* [DATA BELOW]
☆ ☆ ☆
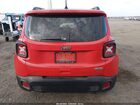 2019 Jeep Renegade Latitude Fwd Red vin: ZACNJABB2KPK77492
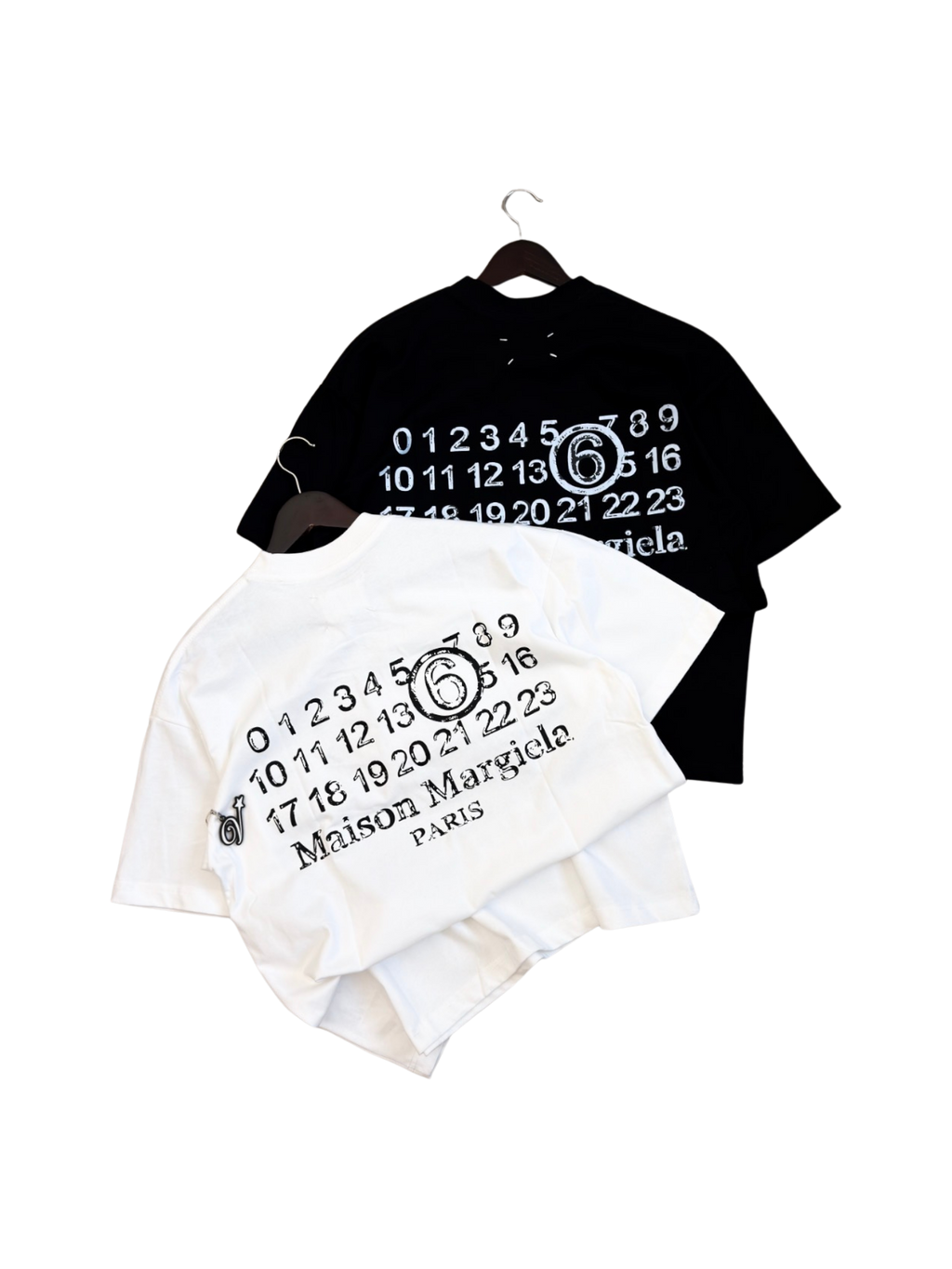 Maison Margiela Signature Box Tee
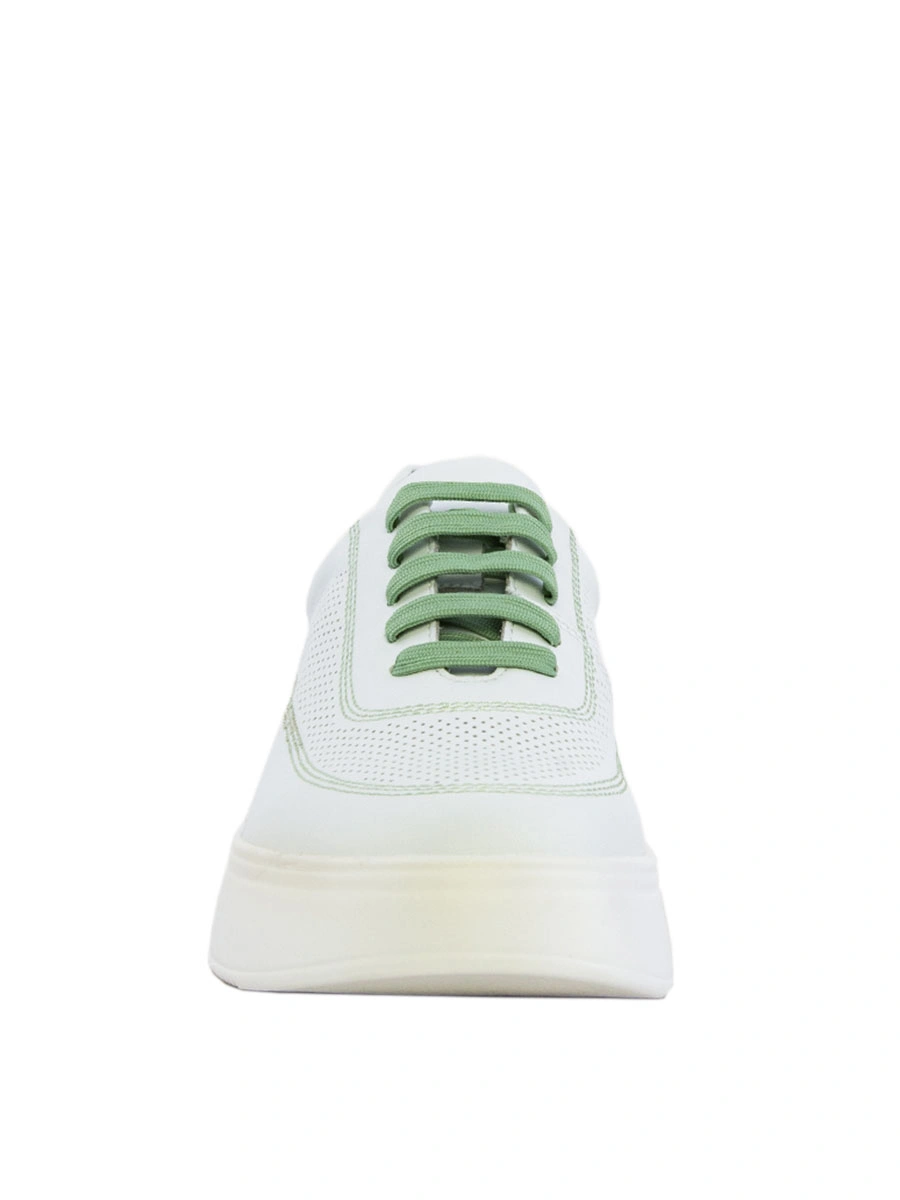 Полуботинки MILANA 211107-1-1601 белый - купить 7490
☆ ☆ ☆
Apart from the images, every line above needs to be printed again exactly.

 2019 Jeep Renegade Latitude Fwd Red vin: ZACNJABB2KPK77492
 Maison Margiela Signature Box Tee
 Полуботинки MILANA 211107-1-1601 белый - купить 7490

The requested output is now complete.